Task to complete
In the listing below, find the line that contains "China Design Shock" and the line that contains "Charcoal Heather life". Quote both and every line between them, exactly, and nothing more.

Data for this exercise
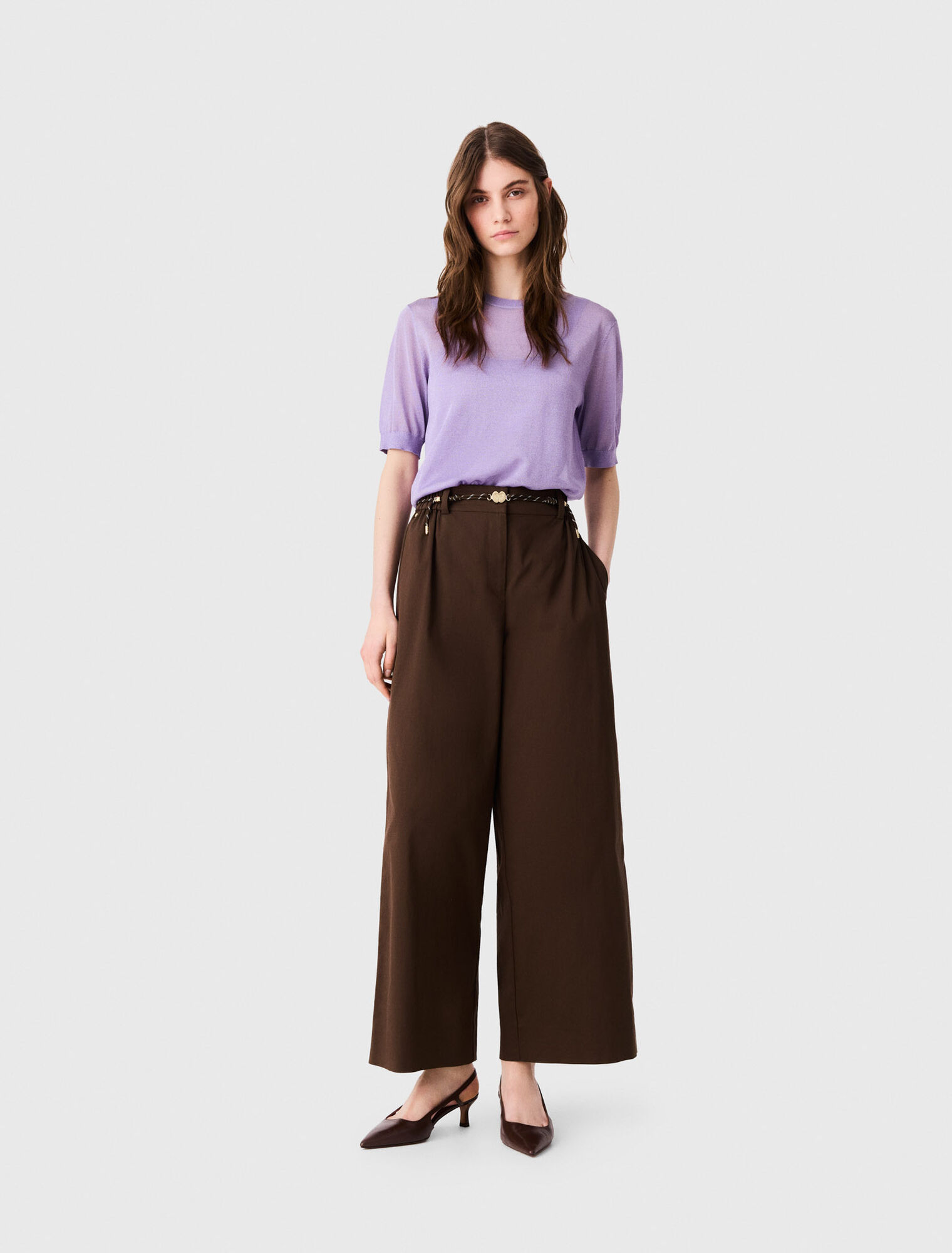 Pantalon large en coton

==

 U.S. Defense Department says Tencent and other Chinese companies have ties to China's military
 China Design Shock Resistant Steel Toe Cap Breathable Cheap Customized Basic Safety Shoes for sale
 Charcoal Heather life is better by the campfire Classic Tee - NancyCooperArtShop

Answer for the task
 China Design Shock Resistant Steel Toe Cap Breathable Cheap Customized Basic Safety Shoes for sale
 Charcoal Heather life is better by the campfire Classic Tee - NancyCooperArtShop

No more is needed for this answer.